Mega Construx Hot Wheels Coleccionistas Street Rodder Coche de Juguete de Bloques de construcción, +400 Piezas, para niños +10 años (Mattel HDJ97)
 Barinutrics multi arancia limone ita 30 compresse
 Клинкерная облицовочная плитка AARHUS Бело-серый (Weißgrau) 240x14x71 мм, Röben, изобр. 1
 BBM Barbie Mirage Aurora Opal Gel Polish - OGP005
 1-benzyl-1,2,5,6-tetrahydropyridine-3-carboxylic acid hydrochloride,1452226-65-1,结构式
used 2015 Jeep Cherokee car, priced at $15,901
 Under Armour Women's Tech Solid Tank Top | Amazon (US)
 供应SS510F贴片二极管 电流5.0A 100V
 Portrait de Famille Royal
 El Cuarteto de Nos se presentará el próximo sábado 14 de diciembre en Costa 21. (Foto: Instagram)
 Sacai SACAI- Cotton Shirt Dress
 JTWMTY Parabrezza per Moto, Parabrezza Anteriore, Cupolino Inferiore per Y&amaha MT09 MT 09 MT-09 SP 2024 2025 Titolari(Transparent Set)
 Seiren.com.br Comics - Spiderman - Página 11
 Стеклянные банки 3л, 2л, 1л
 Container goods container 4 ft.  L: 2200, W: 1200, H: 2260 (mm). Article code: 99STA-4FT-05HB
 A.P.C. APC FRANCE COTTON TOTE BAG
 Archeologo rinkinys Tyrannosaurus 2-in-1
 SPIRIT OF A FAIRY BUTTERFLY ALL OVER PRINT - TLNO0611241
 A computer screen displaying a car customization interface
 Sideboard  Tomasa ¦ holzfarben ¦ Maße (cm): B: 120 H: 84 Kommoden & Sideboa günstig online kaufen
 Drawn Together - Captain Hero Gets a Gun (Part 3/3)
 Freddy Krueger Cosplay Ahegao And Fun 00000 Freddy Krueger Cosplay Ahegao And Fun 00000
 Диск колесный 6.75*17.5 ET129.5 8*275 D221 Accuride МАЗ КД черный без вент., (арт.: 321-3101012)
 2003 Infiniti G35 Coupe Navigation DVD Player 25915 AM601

• [INSTRUCTIONS FOR THE TASK]
Go through the listing above and write out exactly the lines starting with the one holding "used 2015 Jeep" and running through the one holding "Sacai SACAI- Cotton Shirt Dress", ends included, and no others.

• [OUTPUT]
used 2015 Jeep Cherokee car, priced at $15,901
 Under Armour Women's Tech Solid Tank Top | Amazon (US)
 供应SS510F贴片二极管 电流5.0A 100V
 Portrait de Famille Royal
 El Cuarteto de Nos se presentará el próximo sábado 14 de diciembre en Costa 21. (Foto: Instagram)
 Sacai SACAI- Cotton Shirt Dress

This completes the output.